Filter Image Using Median Blur
SUMMARY
Filter Image Using Median Blur Filter applies median blur to reduce salt-and-pepper noise.
Median blur replaces each pixel with the median of its neighborhood, effectively removing impulse noise while preserving edges. This non-linear filter is particularly effective at removing isolated noise pixels (salt-and-pepper noise) without significantly blurring edges, making it ideal for cleaning up noisy images before further processing.
Use this Skill when you want to remove salt-and-pepper noise while preserving edges.
The Skill
from telekinesis import pupil
filtered_image = pupil.filter_image_using_median_blur(
image=image,
kernel_size=5,
)Example
Input Image
Original image with salt-and-pepper noise
Filtered Image
Filtered image with kernel_size=5 - noise removed, edges preserved
The Code
from telekinesis import pupil
from datatypes import io
import pathlib
from loguru import logger
DATA_DIR = pathlib.Path("path/to/telekinesis-data")
# Load image
filepath = str(DATA_DIR / "images" / "flat_mechanical_component.webp")
image = io.load_image(filepath=filepath)
logger.success(f"Loaded image from {filepath}")
# Apply median blur for salt-and-pepper noise reduction
filtered_image = pupil.filter_image_using_median_blur(
image=image,
kernel_size=11,
)
# Access results
filtered_image_np = filtered_image.to_numpy()
logger.success("Applied Median Blur filter. Filtered output image shape: {}", filtered_image_np.shape)The Explanation of the Code
The code begins by importing the necessary modules: pupil for image processing operations, io for data handling, pathlib for path management, and loguru for logging.
from telekinesis import pupil
from datatypes import io
import pathlib
from loguru import loggerNext, an image is loaded from a .png file using the io.load_image function. The input image may be either grayscale or color; the median blur supports both formats.
DATA_DIR = pathlib.Path("path/to/telekinesis-data")
# Load image
filepath = str(DATA_DIR / "images" / "flat_mechanical_component.webp")
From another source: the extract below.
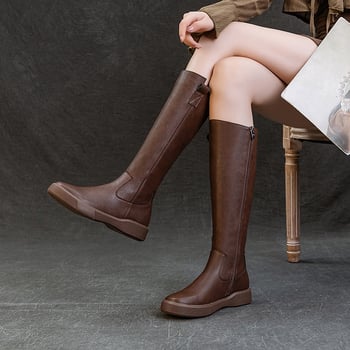 Vintažiniai natūralios odos Martino stiliaus moteriški aulinukai iki kelių, liekninantys riterio stiliaus aulinukai su storu padu, vilnoniu pamušalu, rudens ir žiemos ilgi aulinukai, universalūs aukštaauliai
image = io.load_image(filepath=filepath)The main operation uses the filter_image_using_median_blur Skill from the pupil module. This Skill applies median blur to replace each pixel with the median of its neighborhood, effectively removing salt-and-pepper noise while preserving edges. The parameters can be tuned to control noise removal strength depending on the characteristics of the input image.
filtered_image = pupil.filter_image_using_median_blur(
image=image,
kernel_size=11,
)Finally, the filtered image is converted to a NumPy array using to_numpy() for further processing, visualization, or downstream tasks.
filtered_image_np = filtered_image.to_numpy()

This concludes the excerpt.